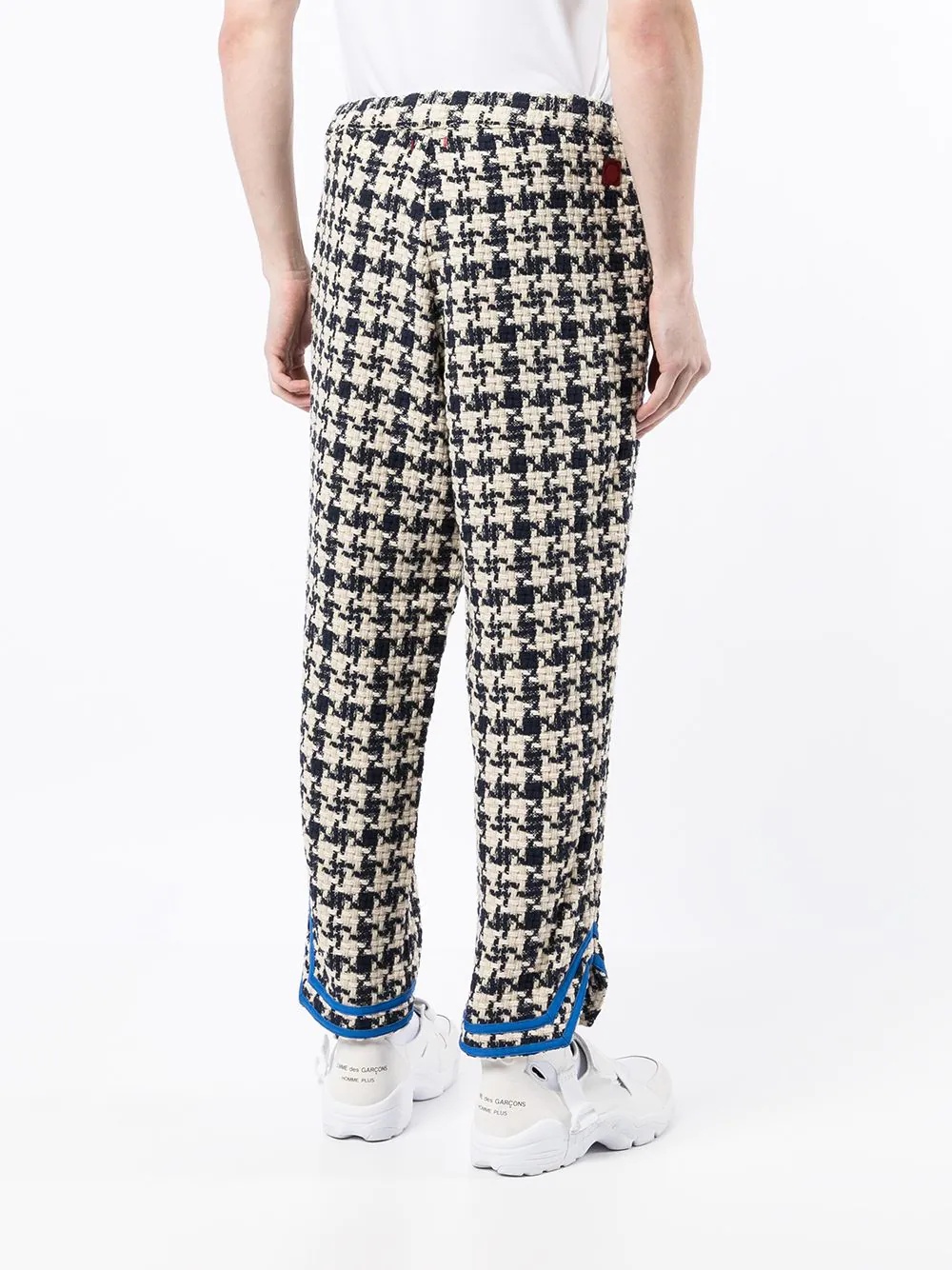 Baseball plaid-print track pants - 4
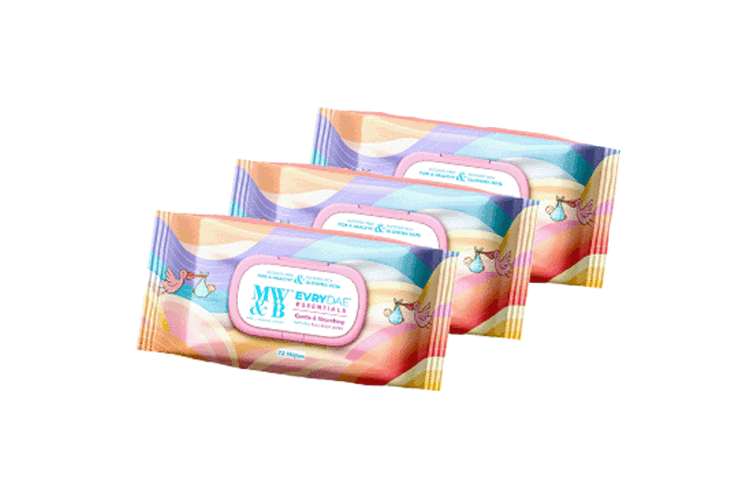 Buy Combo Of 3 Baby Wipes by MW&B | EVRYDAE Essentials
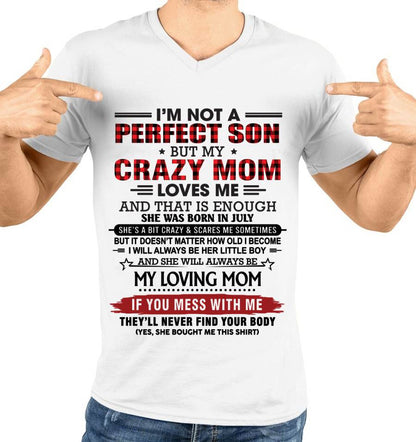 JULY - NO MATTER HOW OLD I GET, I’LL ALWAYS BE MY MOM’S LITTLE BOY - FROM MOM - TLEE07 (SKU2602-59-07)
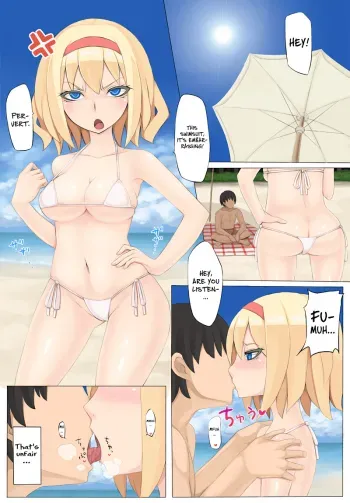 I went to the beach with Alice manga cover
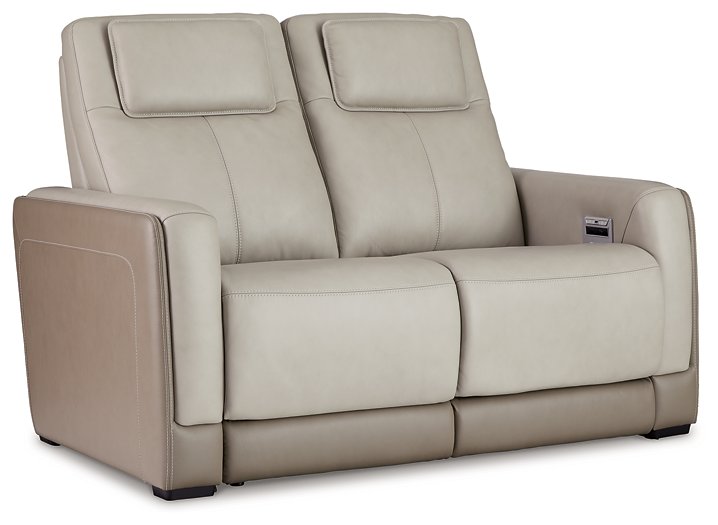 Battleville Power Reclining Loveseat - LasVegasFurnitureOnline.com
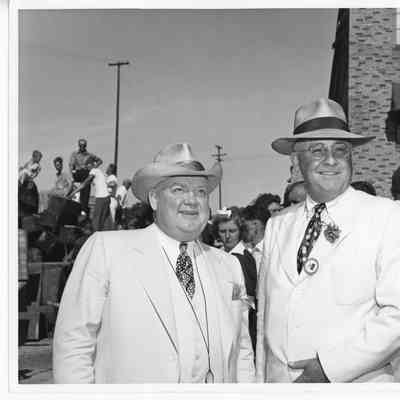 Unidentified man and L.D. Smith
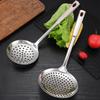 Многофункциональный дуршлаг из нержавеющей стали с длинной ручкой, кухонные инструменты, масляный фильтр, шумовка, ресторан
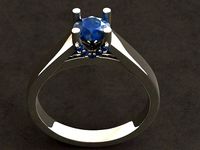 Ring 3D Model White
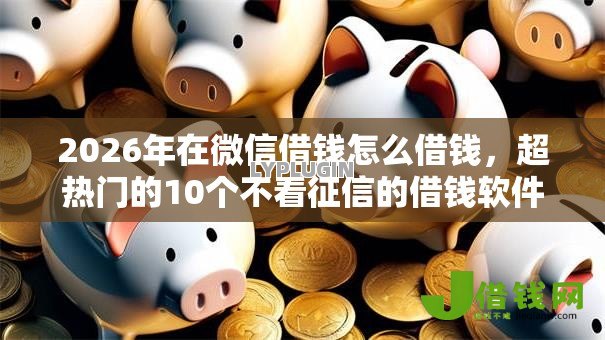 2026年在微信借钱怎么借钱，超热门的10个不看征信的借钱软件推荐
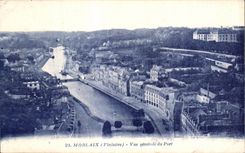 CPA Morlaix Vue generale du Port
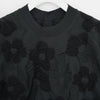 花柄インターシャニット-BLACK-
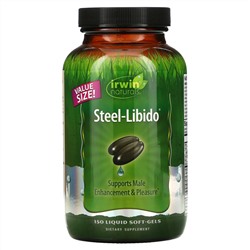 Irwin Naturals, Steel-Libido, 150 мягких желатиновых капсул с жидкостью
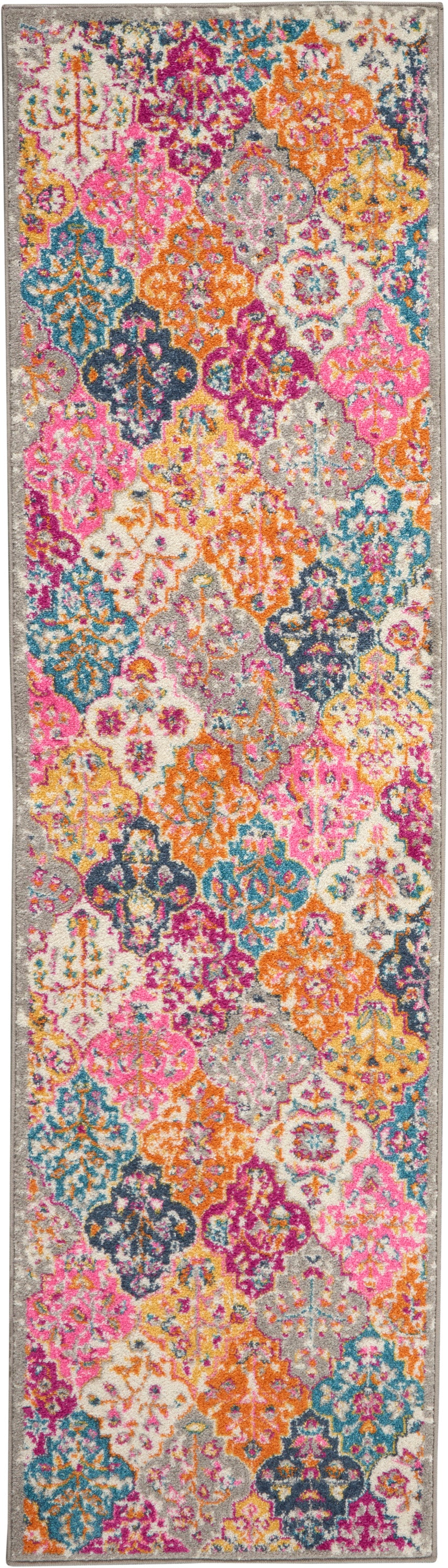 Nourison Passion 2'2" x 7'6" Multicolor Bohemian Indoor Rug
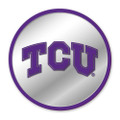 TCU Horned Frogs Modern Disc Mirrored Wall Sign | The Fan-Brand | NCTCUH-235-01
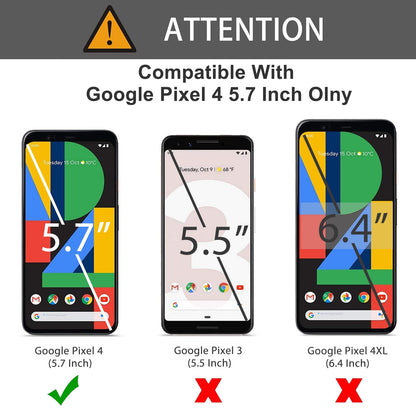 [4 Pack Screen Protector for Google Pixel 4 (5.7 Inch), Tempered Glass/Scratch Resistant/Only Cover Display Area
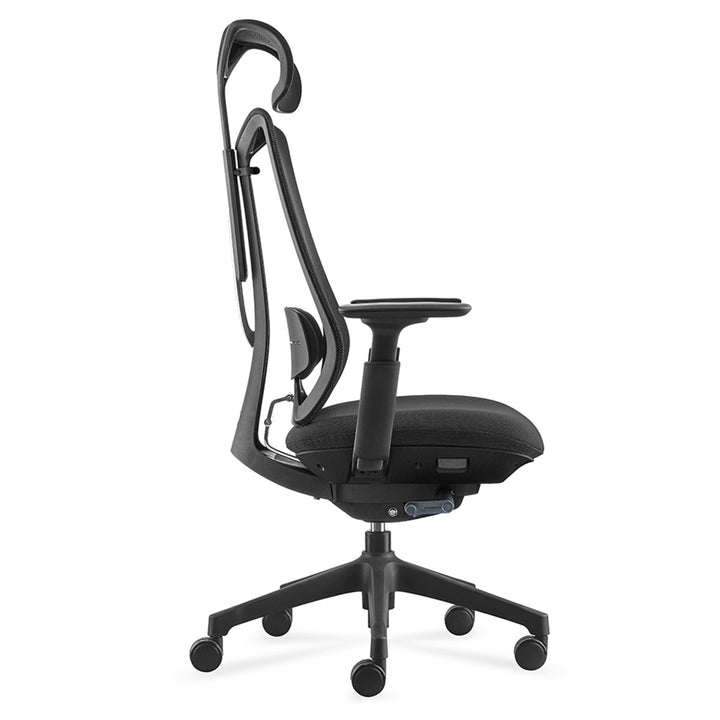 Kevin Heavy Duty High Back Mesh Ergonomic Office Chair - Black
☆ ☆ ☆
The required answer is an exact, picture-free copy of the lines from the opening of the listing above through the line with "Unidentified man and L.D. Smith".

*Solution to the exercise*.
 Baseball plaid-print track pants - 4
 Buy Combo Of 3 Baby Wipes by MW&B | EVRYDAE Essentials
 JULY - NO MATTER HOW OLD I GET, I’LL ALWAYS BE MY MOM’S LITTLE BOY - FROM MOM - TLEE07 (SKU2602-59-07)
 I went to the beach with Alice manga cover
 Battleville Power Reclining Loveseat - LasVegasFurnitureOnline.com
 Unidentified man and L.D. Smith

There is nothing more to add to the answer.